Return all of the data exactly as written, without the pictures.
[Opening Data section]
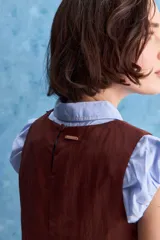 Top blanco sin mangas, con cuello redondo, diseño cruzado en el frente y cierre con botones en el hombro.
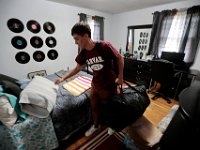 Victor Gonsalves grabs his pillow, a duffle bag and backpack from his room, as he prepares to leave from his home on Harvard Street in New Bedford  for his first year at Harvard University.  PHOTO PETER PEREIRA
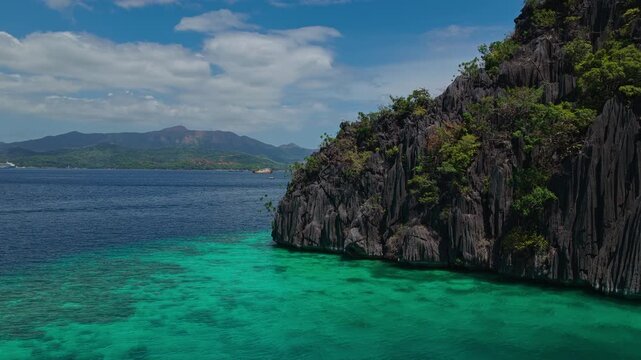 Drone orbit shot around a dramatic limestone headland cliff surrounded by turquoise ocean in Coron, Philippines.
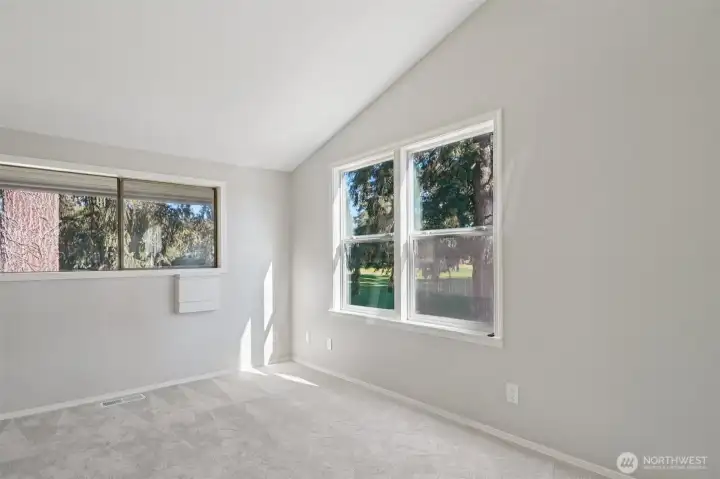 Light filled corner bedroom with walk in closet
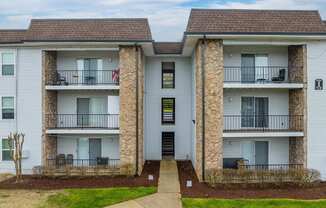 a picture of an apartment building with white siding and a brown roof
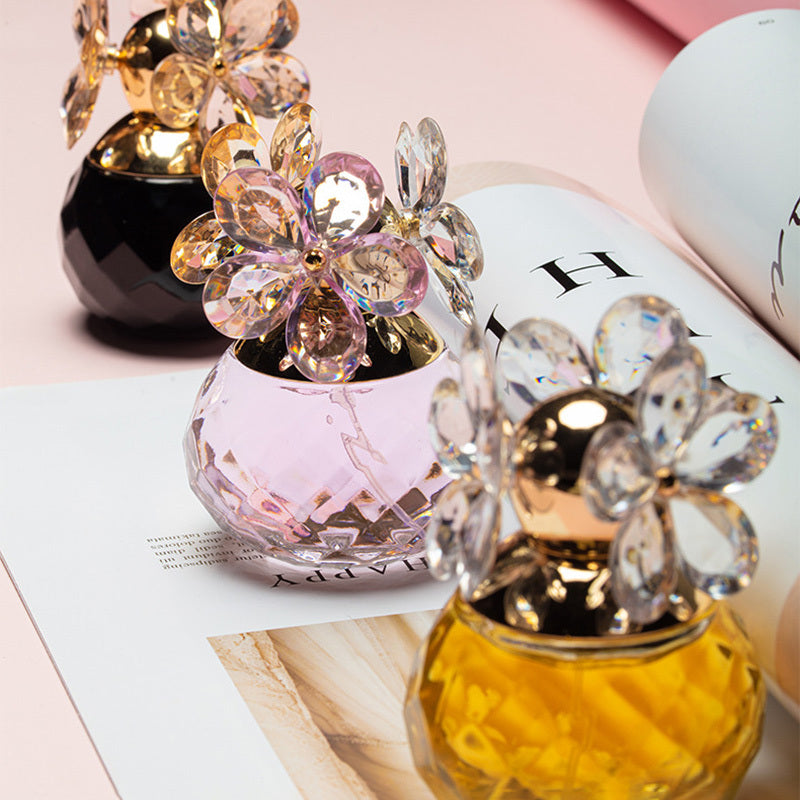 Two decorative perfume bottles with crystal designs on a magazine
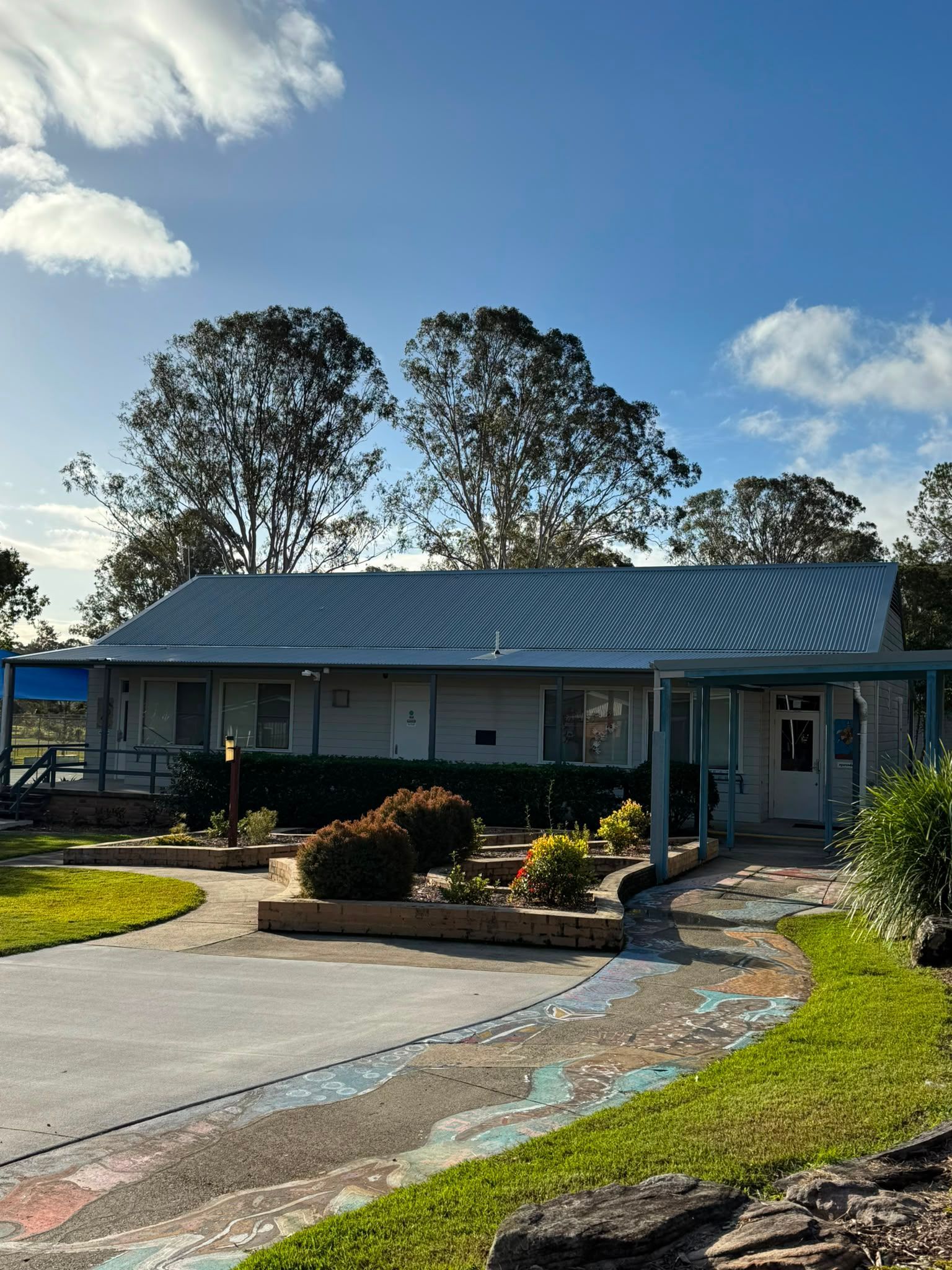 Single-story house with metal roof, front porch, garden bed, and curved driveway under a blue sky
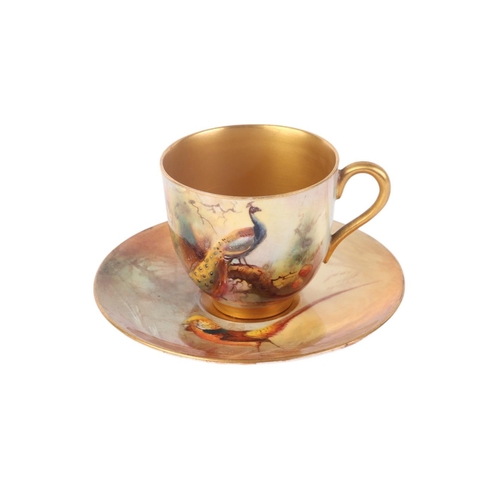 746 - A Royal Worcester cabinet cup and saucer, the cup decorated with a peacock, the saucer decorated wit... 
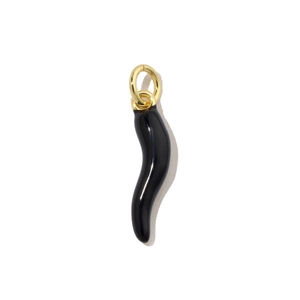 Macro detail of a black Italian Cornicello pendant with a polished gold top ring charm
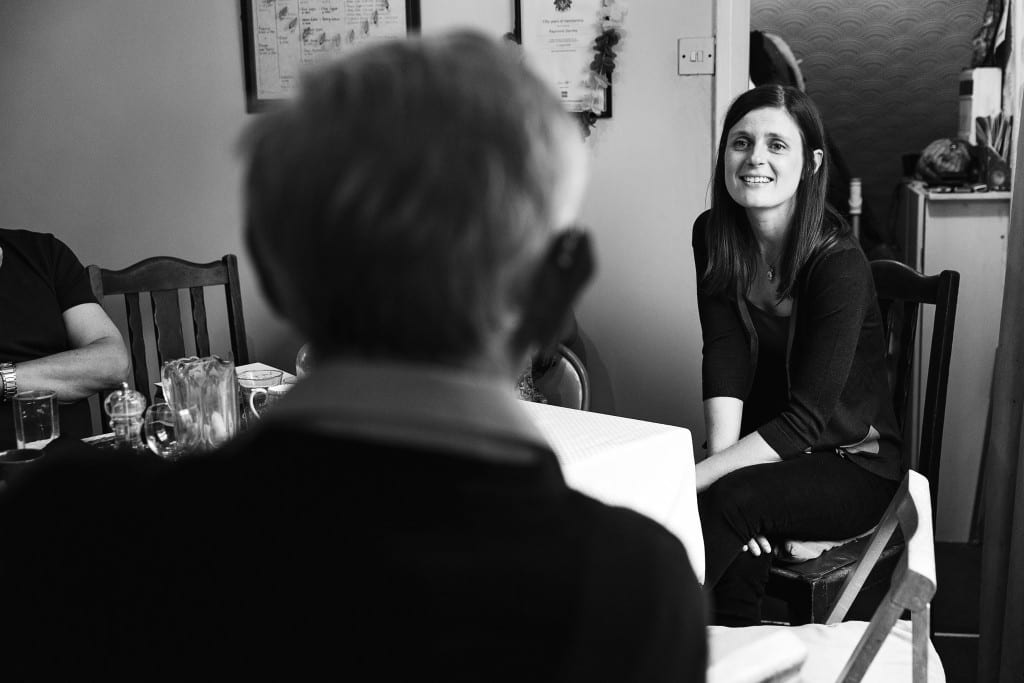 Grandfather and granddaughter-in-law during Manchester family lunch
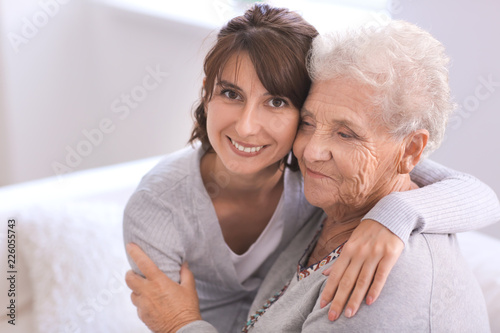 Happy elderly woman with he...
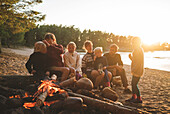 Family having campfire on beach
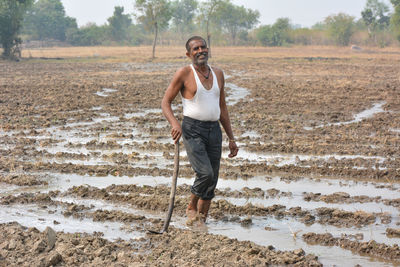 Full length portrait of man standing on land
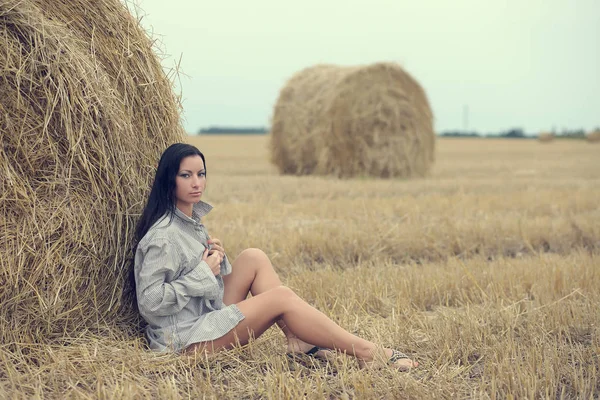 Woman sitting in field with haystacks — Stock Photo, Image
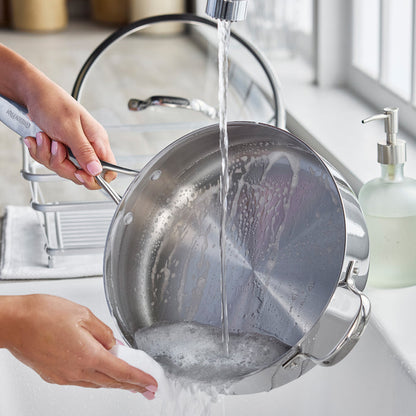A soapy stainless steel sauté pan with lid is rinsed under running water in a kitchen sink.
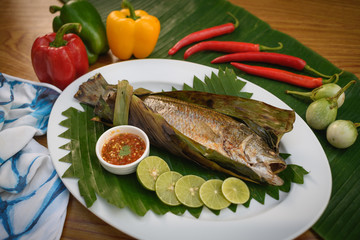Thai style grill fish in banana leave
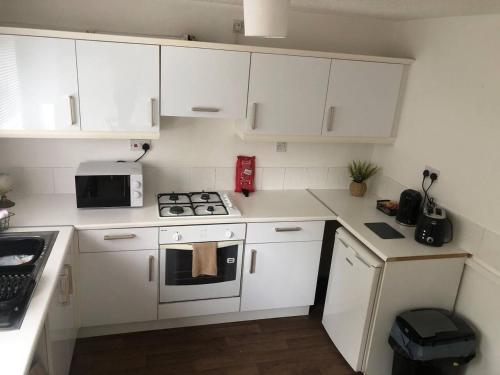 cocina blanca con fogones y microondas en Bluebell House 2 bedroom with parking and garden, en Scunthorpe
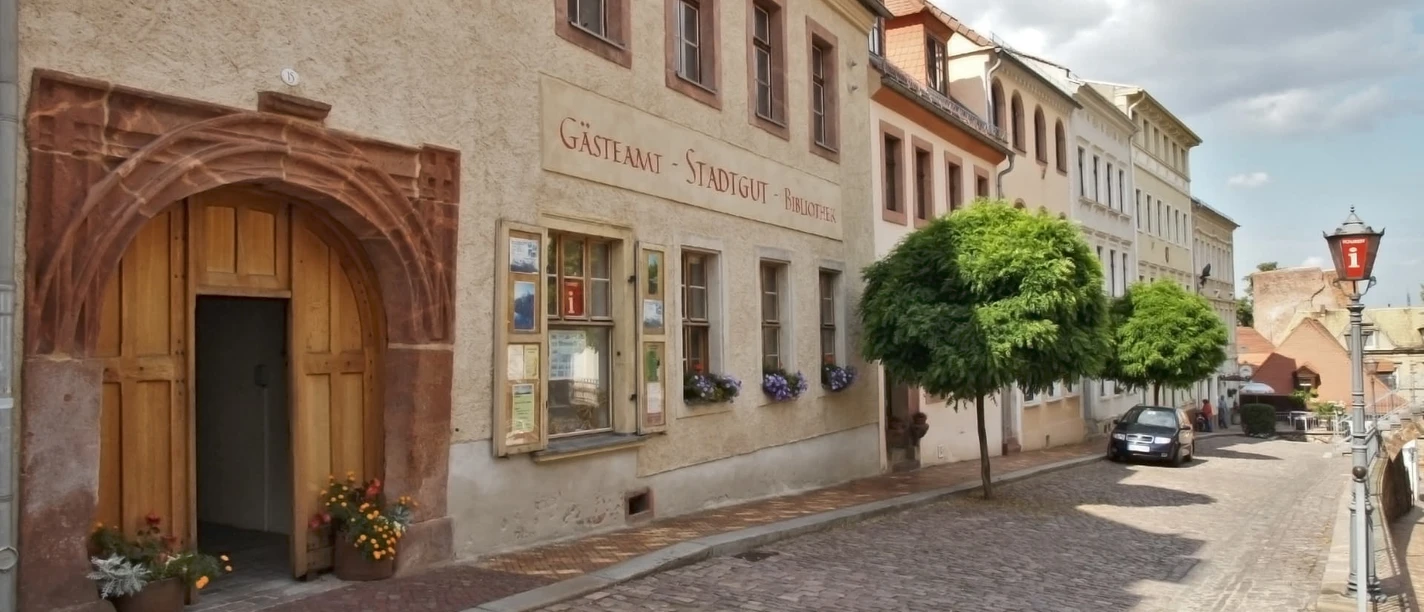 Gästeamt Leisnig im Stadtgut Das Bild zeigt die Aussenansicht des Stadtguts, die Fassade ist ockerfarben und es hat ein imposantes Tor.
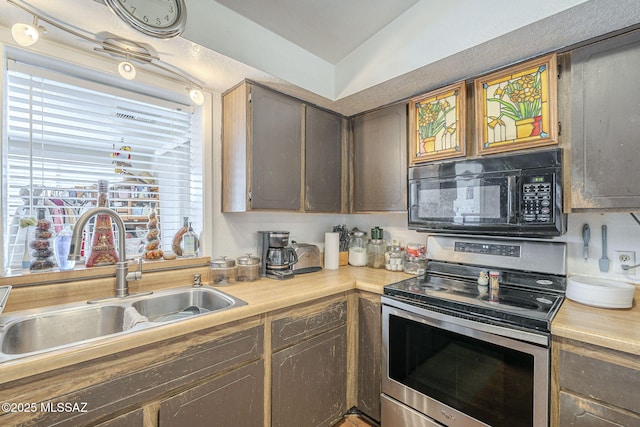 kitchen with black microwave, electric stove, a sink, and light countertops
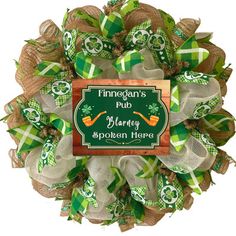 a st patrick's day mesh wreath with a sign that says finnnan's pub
[Closing Data section]
__Reply to the task__
 Top blanco sin mangas, con cuello redondo, diseño cruzado en el frente y cierre con botones en el hombro.
 Victor Gonsalves grabs his pillow, a duffle bag and backpack from his room, as he prepares to leave from his home on Harvard Street in New Bedford  for his first year at Harvard University.  PHOTO PETER PEREIRA
 Drone orbit shot around a dramatic limestone headland cliff surrounded by turquoise ocean in Coron, Philippines.
 Light filled corner bedroom with walk in closet
 a picture of an apartment building with white siding and a brown roof
 Two decorative perfume bottles with crystal designs on a magazine
 Single-story house with metal roof, front porch, garden bed, and curved driveway under a blue sky
 746 - A Royal Worcester cabinet cup and saucer, the cup decorated with a peacock, the saucer decorated wit... 
 Macro detail of a black Italian Cornicello pendant with a polished gold top ring charm
 Grandfather and granddaughter-in-law during Manchester family lunch
 Happy elderly woman with he...
 Family having campfire on beach
 Full length portrait of man standing on land
 Woman sitting in field with haystacks — Stock Photo, Image
A soapy stainless steel sauté pan with lid is rinsed under running water in a kitchen sink.
Thai style grill fish in banana leave
 cocina blanca con fogones y microondas en Bluebell House 2 bedroom with parking and garden, en Scunthorpe
 Gästeamt Leisnig im Stadtgut Das Bild zeigt die Aussenansicht des Stadtguts, die Fassade ist ockerfarben und es hat ein imposantes Tor.
 kitchen with black microwave, electric stove, a sink, and light countertops
 a st patrick's day mesh wreath with a sign that says finnnan's pub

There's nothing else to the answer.